-- GIVEN INFORMATION follows --
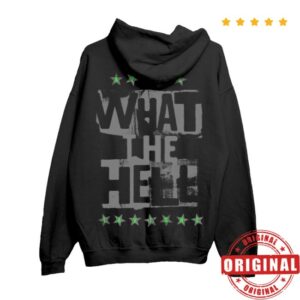 Avril Lavigne Store Merch What The Hell Zip Hoodie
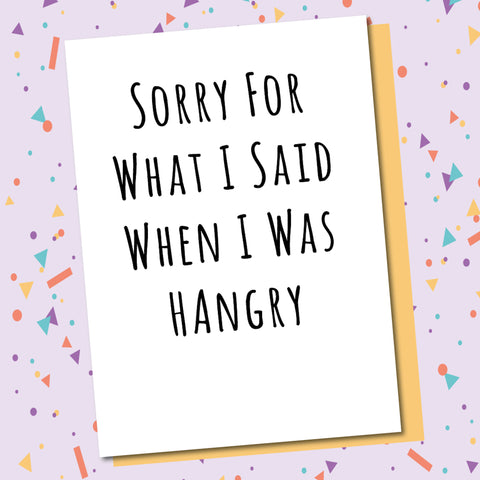 Hangry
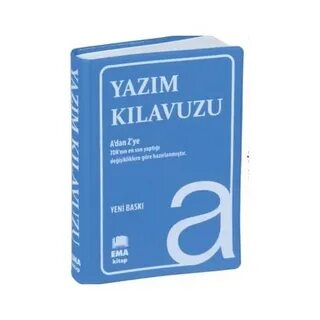 Yazım Kılavuzu PP Kapak Yeni Baskı Ema Kitap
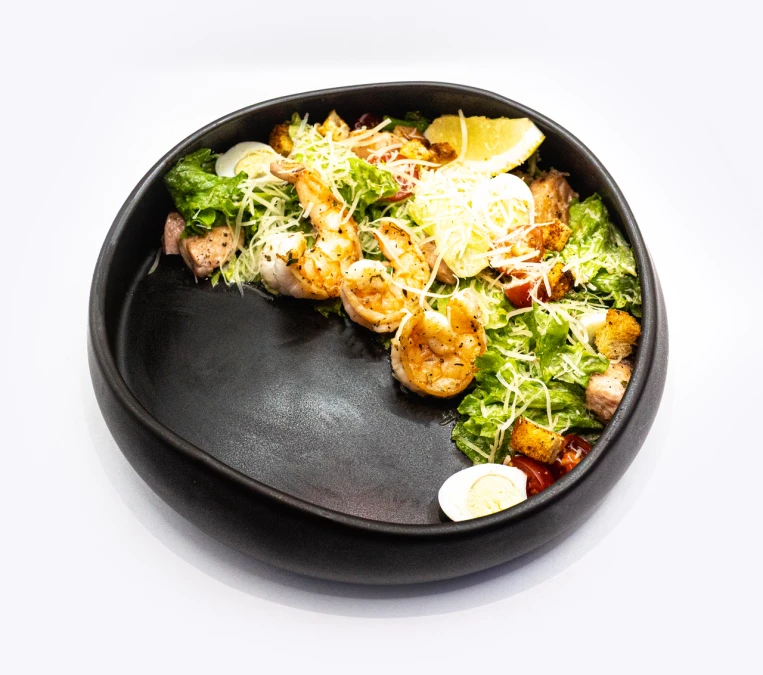 Цезарь с морепродуктами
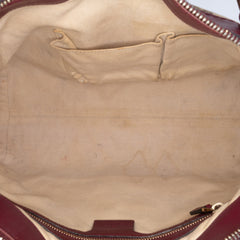 GG Canvas Mayfair Satchel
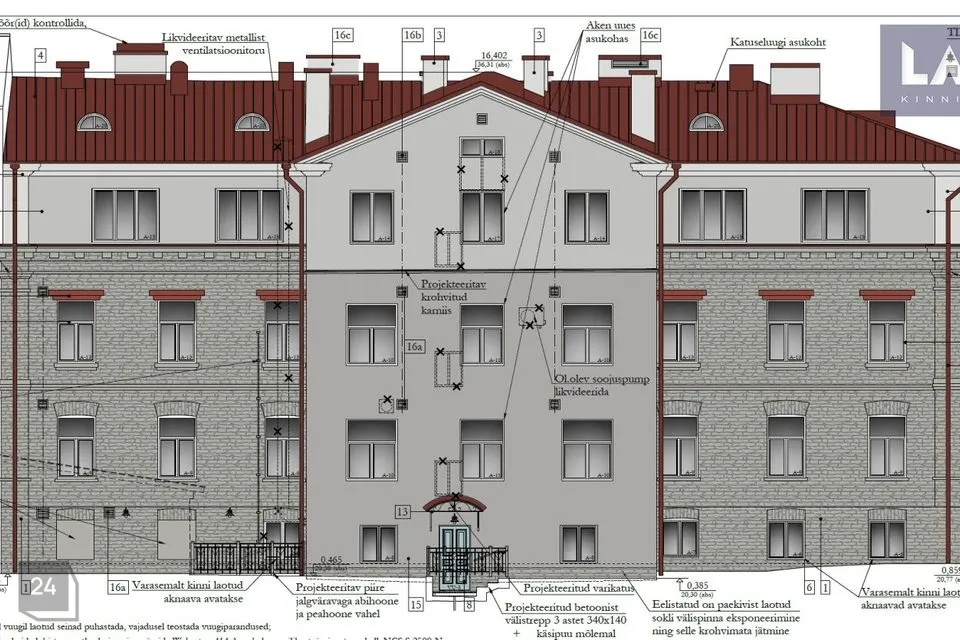 1306 m² house in Tallinn, Kesklinna linnaosa - photo 4
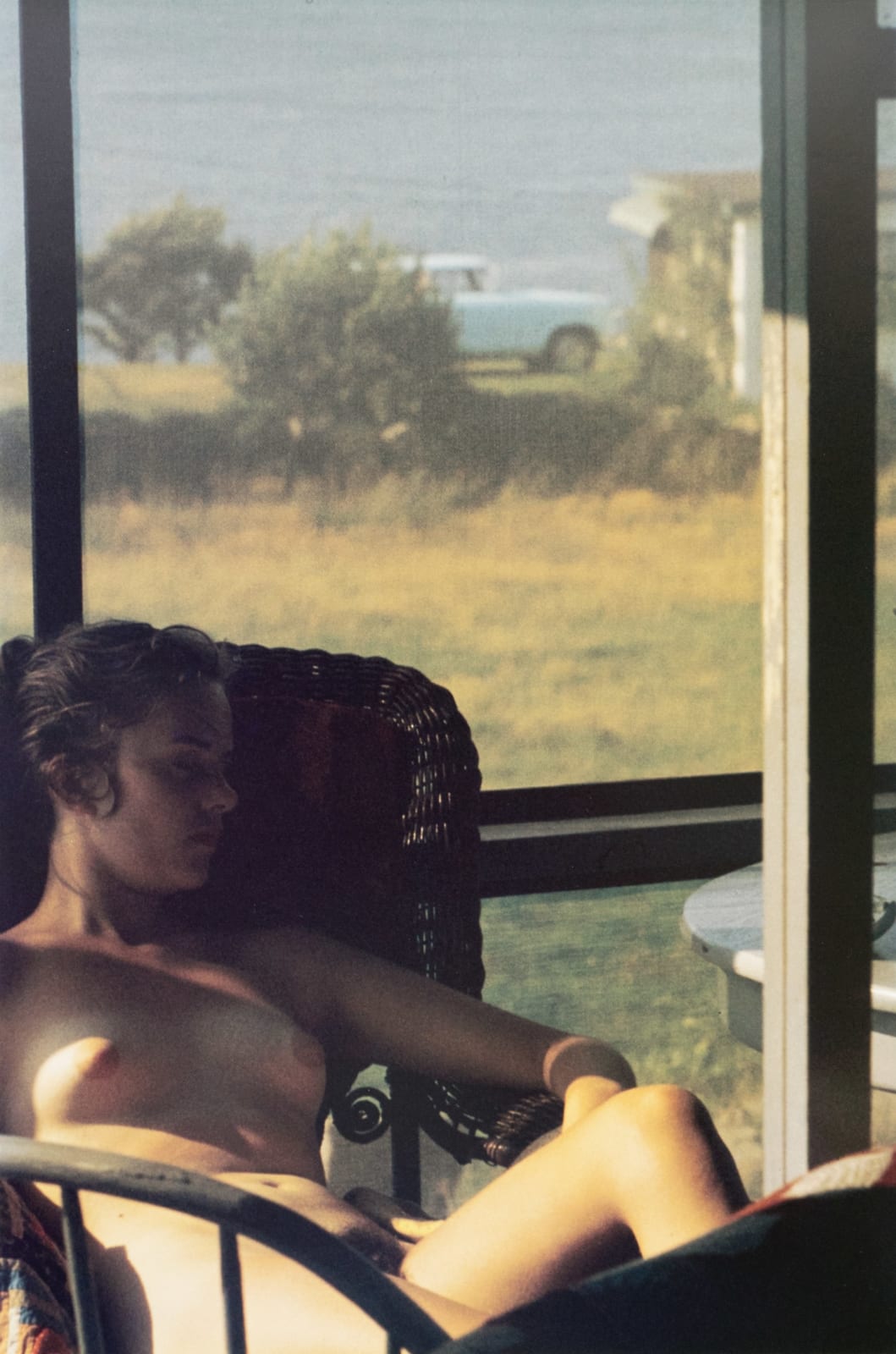 Saul Leiter, Lanesville, 1958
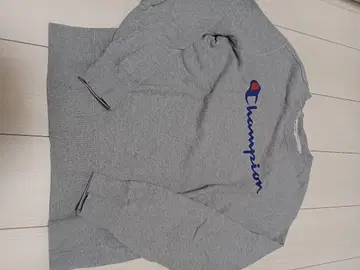 Champion 그레이 맨투맨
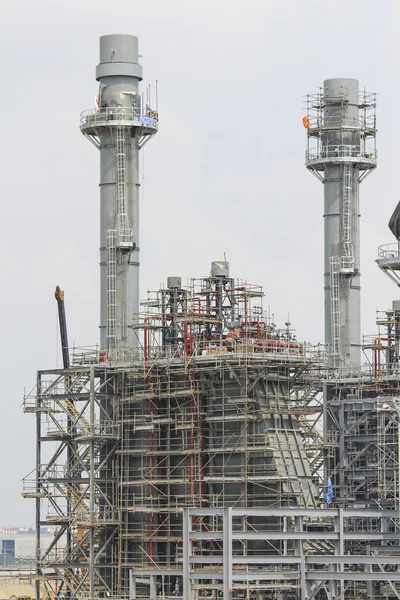 Construction of Power Plant , Eastern of Thailand — Stock Photo, Image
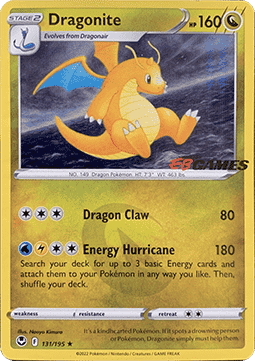 Dragonite #131 — Silver Tempest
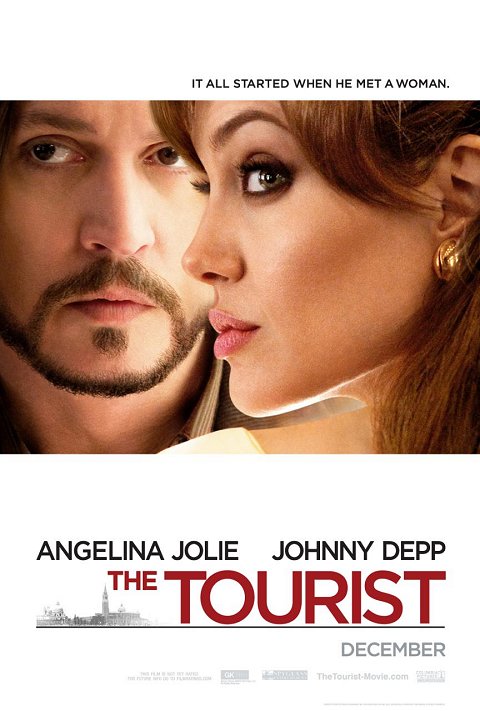"Турист" в формате Blu-ray "Турист" в формате Blu-ray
-- GIVEN INFORMATION concluded --
* _ASSIGNMENT_
Write out the records word for word. Pictures stay out.

* _WRITTEN REPLY_
 Avril Lavigne Store Merch What The Hell Zip Hoodie
 Hangry
 Yazım Kılavuzu PP Kapak Yeni Baskı Ema Kitap
 Цезарь с морепродуктами
 GG Canvas Mayfair Satchel
 1306 m² house in Tallinn, Kesklinna linnaosa - photo 4
 Saul Leiter, Lanesville, 1958
 Champion 그레이 맨투맨
 Construction of Power Plant , Eastern of Thailand — Stock Photo, Image
 Dragonite #131 — Silver Tempest
"Турист" в формате Blu-ray "Турист" в формате Blu-ray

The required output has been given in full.